* _Exercise description_: What you return must be the data below, word for word, without any images.

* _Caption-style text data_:
>>>>>

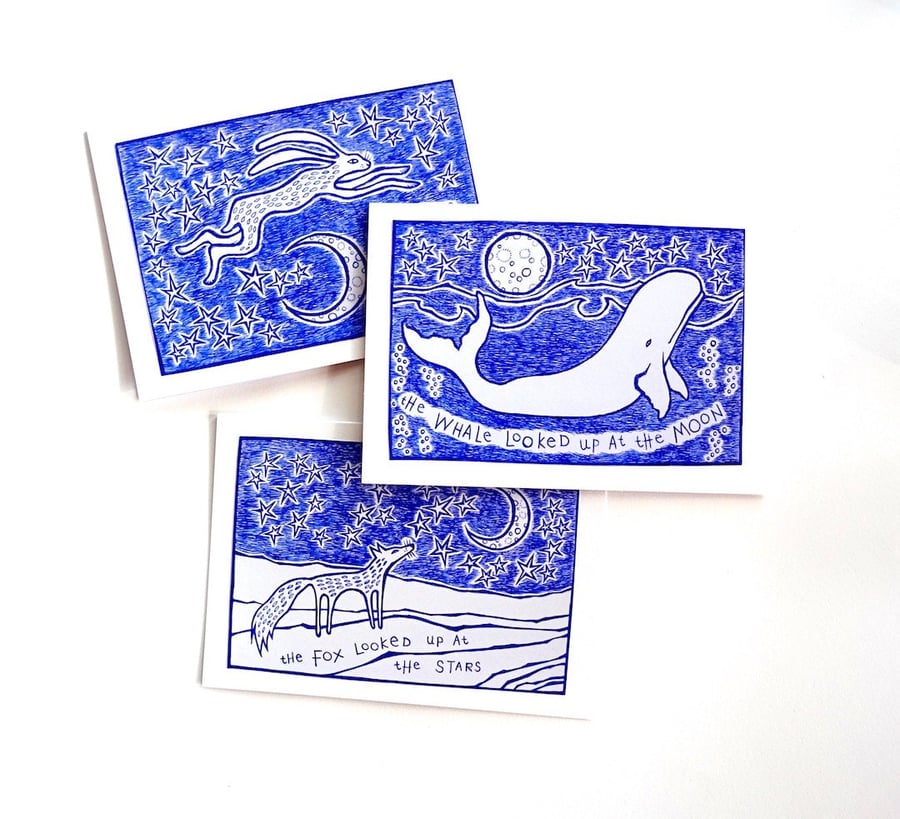 Hare, Fox and Whale Cards - Set of 3 - READY TO SHIP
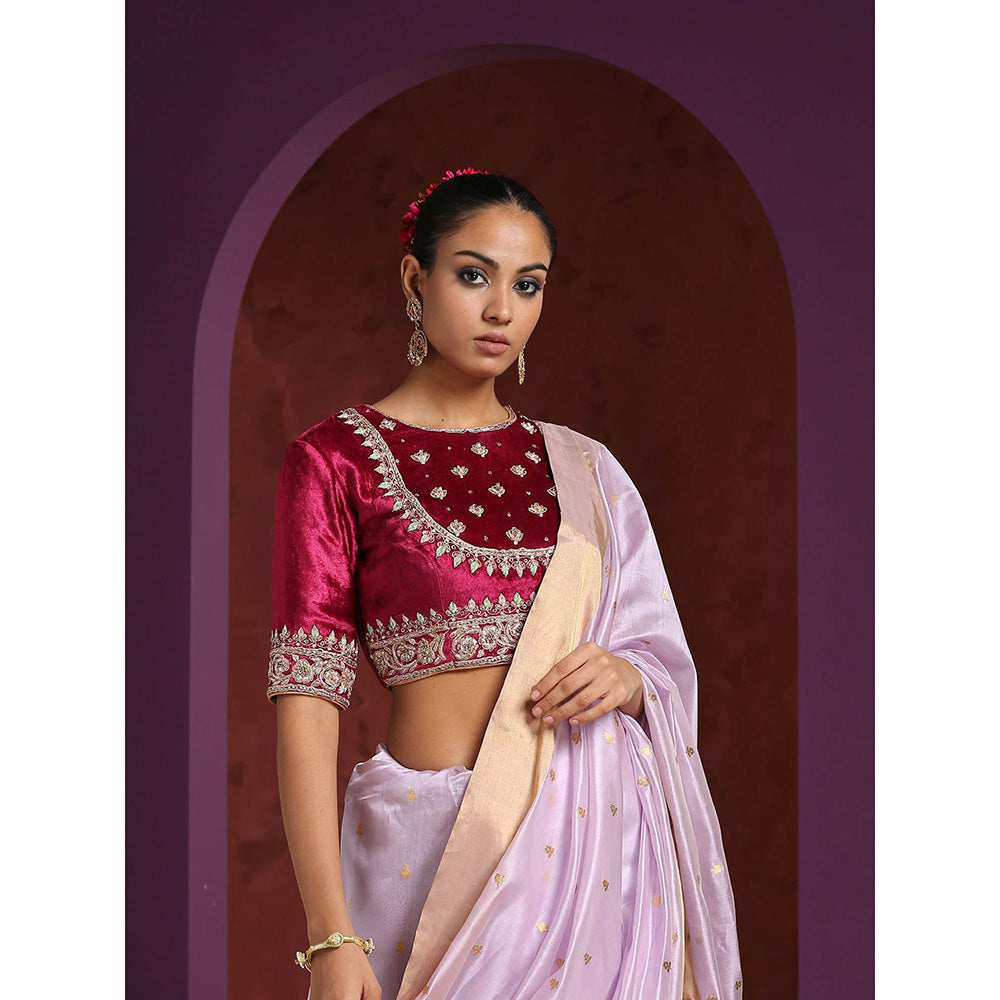 WeaverStory Fuchsia Pure Velvet Hand Embroidered Zardozi Blouse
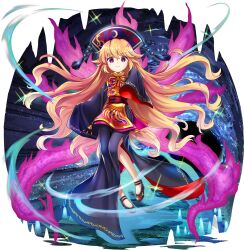 1girl aged_down black_dress black_hat black_shoes blonde_hair child closed_mouth crescent_print dalachi_(headdress) dress energy energy_tail full_body game_cg hat highres junko_(nameless_space_horror)_(touhou) junko_(touhou) long_dress long_hair long_sleeves looking_at_viewer multiple_tails neck_ribbon official_art red_eyes red_tabard ribbon rotte_(1109) shoes side_slit sleeves_past_fingers sleeves_past_wrists smile solo tabard tail third-party_source touhou touhou_lostword transparent_background very_long_hair very_long_sleeves wide_sleeves yellow_ribbon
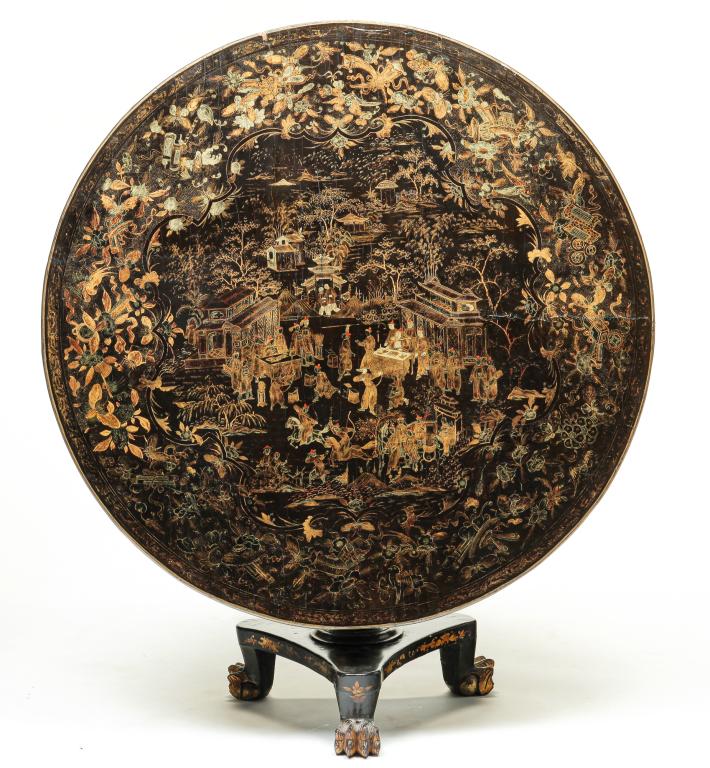 CHINESE EXPORT TILT TOP TABLE. (1 of 8)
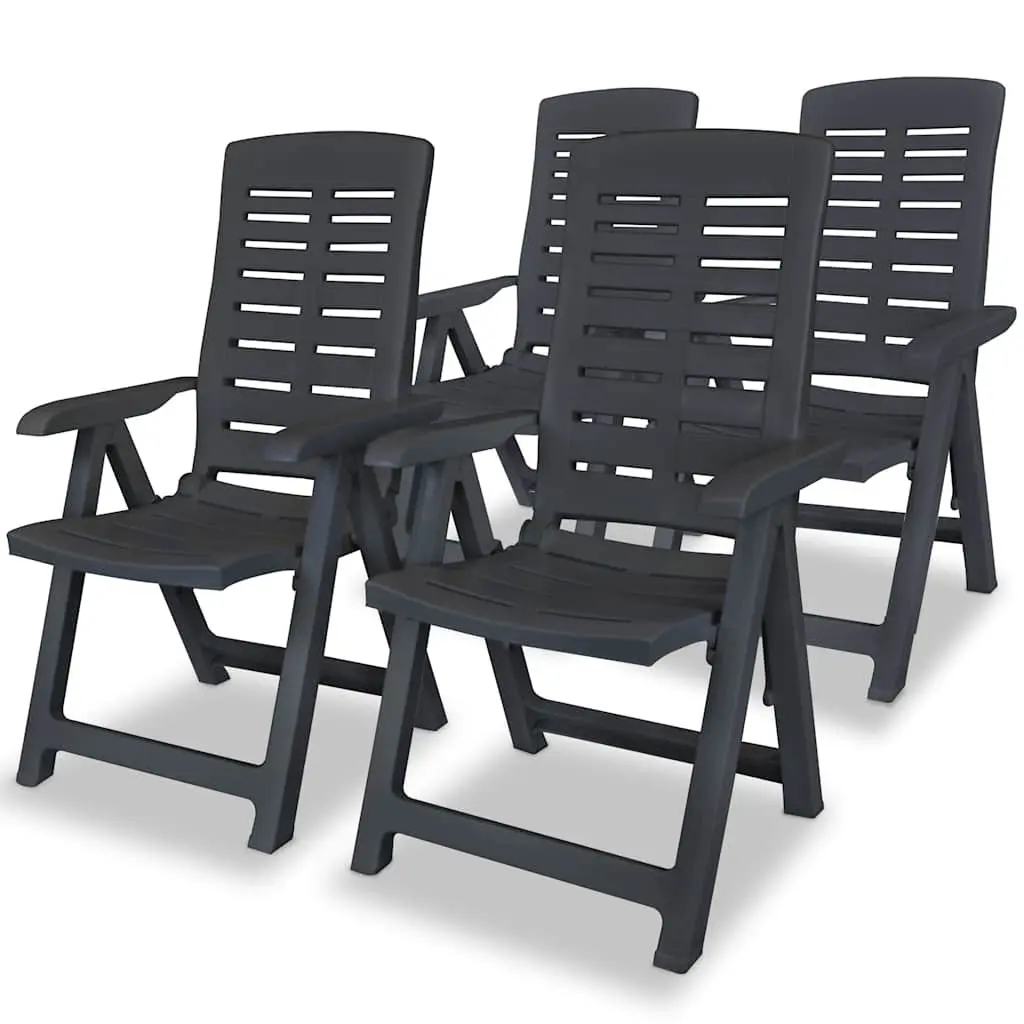 Outdoor Dining Set Weather-resistant 5 Piece Plastic Table Chairs Folding Garden Patio Furniture
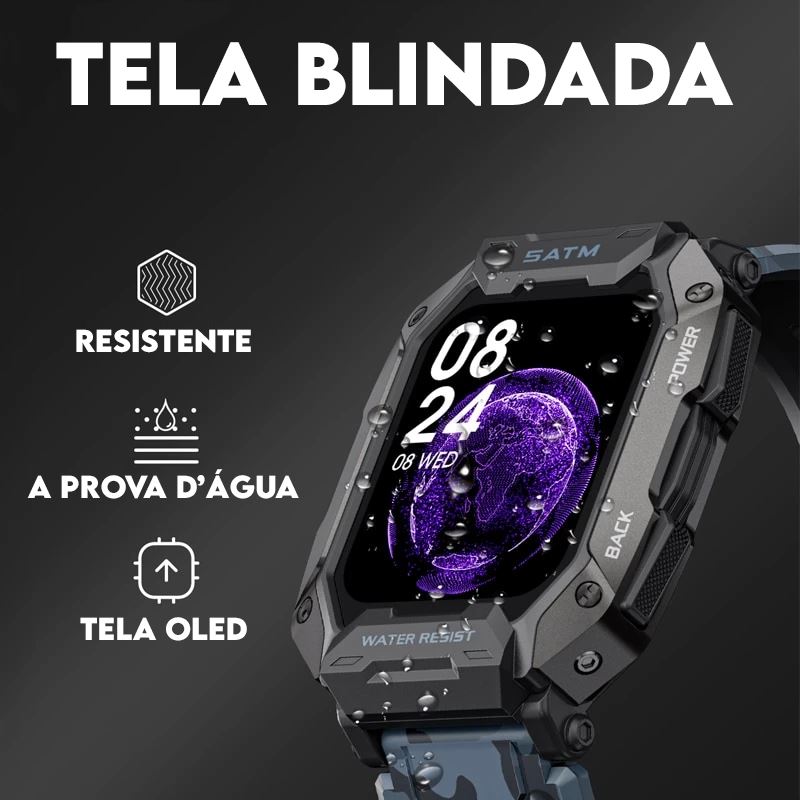 Relógio Smartwatch Max Rock Ultra à Prova D'água e Impactos + 1 Pulseira Extra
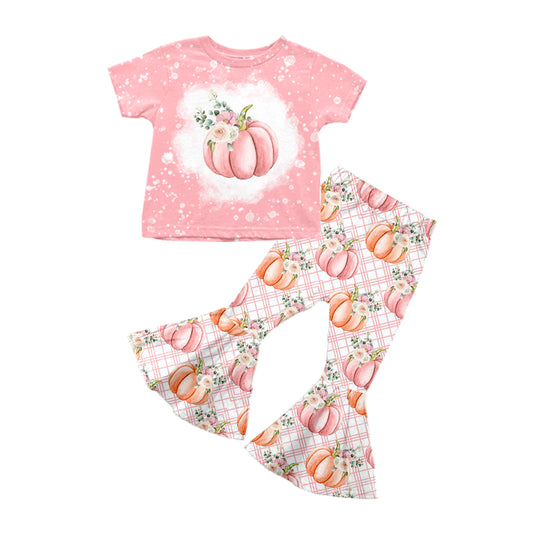 5.7custom each style moq 5eta 4-5week Sibling Sister pink pumpkin prints pink plaid girls outfits and baby romper match family design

<<<<<

* _Task output_:
 Hare, Fox and Whale Cards - Set of 3 - READY TO SHIP
 WeaverStory Fuchsia Pure Velvet Hand Embroidered Zardozi Blouse
 1girl aged_down black_dress black_hat black_shoes blonde_hair child closed_mouth crescent_print dalachi_(headdress) dress energy energy_tail full_body game_cg hat highres junko_(nameless_space_horror)_(touhou) junko_(touhou) long_dress long_hair long_sleeves looking_at_viewer multiple_tails neck_ribbon official_art red_eyes red_tabard ribbon rotte_(1109) shoes side_slit sleeves_past_fingers sleeves_past_wrists smile solo tabard tail third-party_source touhou touhou_lostword transparent_background very_long_hair very_long_sleeves wide_sleeves yellow_ribbon
 CHINESE EXPORT TILT TOP TABLE. (1 of 8)
 Outdoor Dining Set Weather-resistant 5 Piece Plastic Table Chairs Folding Garden Patio Furniture
 Relógio Smartwatch Max Rock Ultra à Prova D'água e Impactos + 1 Pulseira Extra
 5.7custom each style moq 5eta 4-5week Sibling Sister pink pumpkin prints pink plaid girls outfits and baby romper match family design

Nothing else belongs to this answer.